Data excerpts:
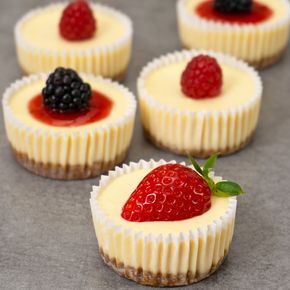 four small desserts with fruit on top and one has a speech bubble above it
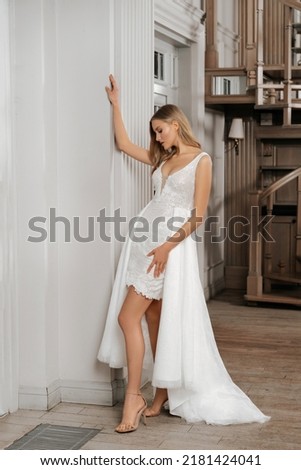 The beautiful woman posing in a wedding dress. Young beautiful happy bride wearing white wedding dress and posing in bright empty interior. Dress transformer, removable plume. Wedding fashion. Photo stock © 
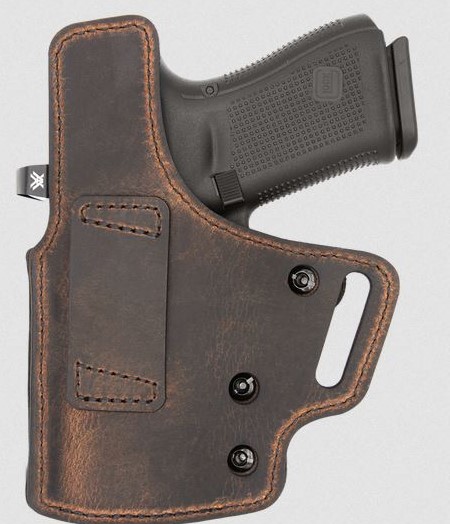 Handgun in brown leather belt holster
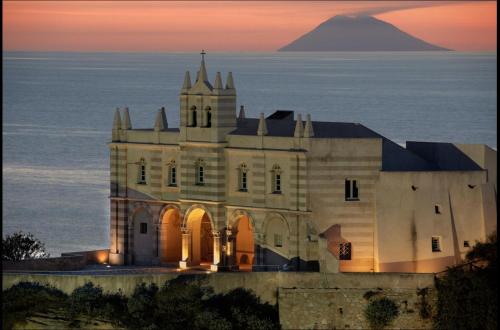 an old castle with a mountain in the background at ele&gio accomodation in Tropea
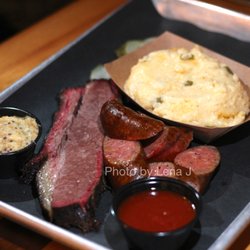 Crooked Ewe - 1/4 lb Texas Smoked Brisket ($5.25), Texas Hot Link ($5.25), Jalapeño Cheddar Grits ($6)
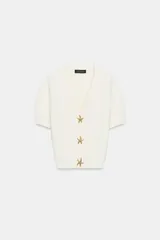 Chaqueta corta de punto texturizado color blanco roto, con escote en V, manga corta y cierre frontal con tres botones metálicos dorados en forma de estrella de mar.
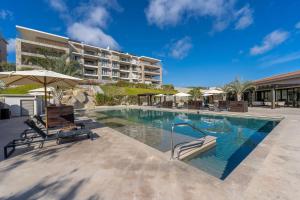 a swimming pool with chairs and umbrellas in front of a building at Spacious New 3BR Condo at Tramonti plus Resort Access in Cabo San Lucas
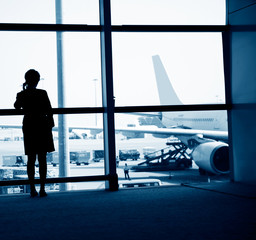 woman standing near the airport window, waiting for flight departure.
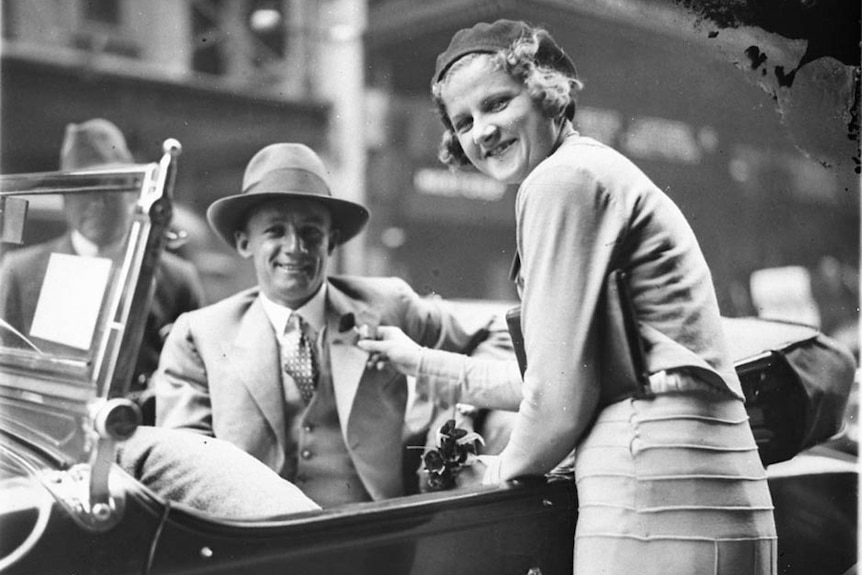 A young Don Bradman dressed in a suit and hat, sitting in a car. Young woman pins a poppy flower to his jacket.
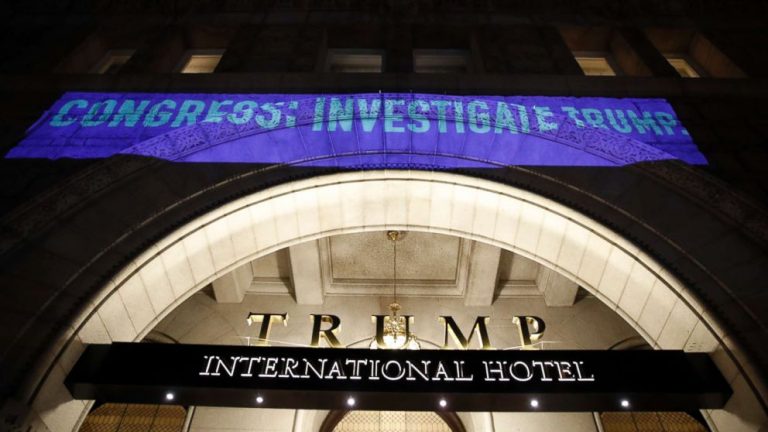 Protesters take to the streets, project anti-Trump messages onto his DC hotel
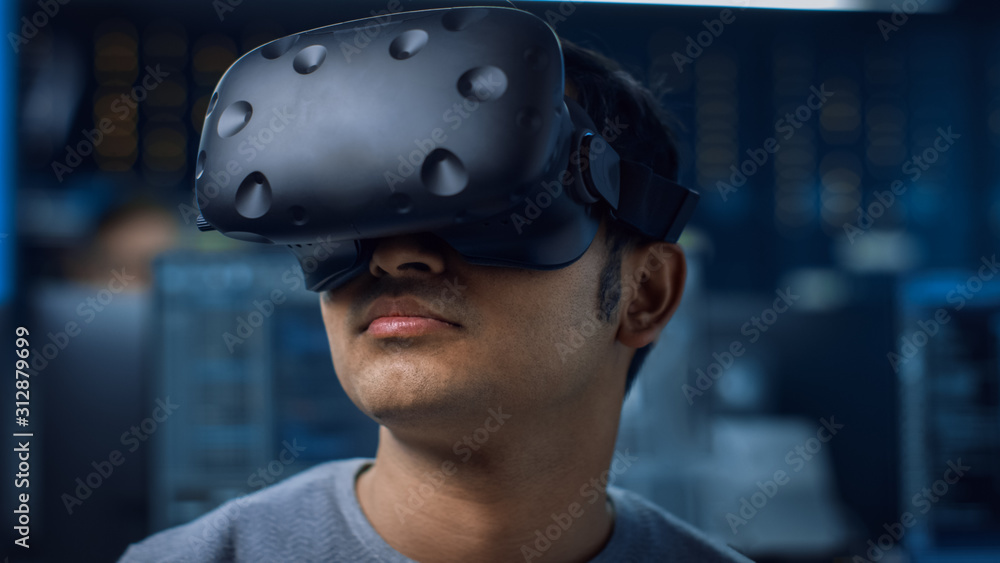Leinwandbilder Close-up Portrait of Software Delevoper Wearing Virtual Reality Headset to Develop and Program VR Gaming and Applications. In the Background Technology Developing Studio with Computers and Monitors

▶ What needs to be done: The answer must be the lines above from the line that contains "Protesters take to" to the final line of the data, word for word, with no pictures.

▶ Solution for this problem:
 Protesters take to the streets, project anti-Trump messages onto his DC hotel
Leinwandbilder Close-up Portrait of Software Delevoper Wearing Virtual Reality Headset to Develop and Program VR Gaming and Applications. In the Background Technology Developing Studio with Computers and Monitors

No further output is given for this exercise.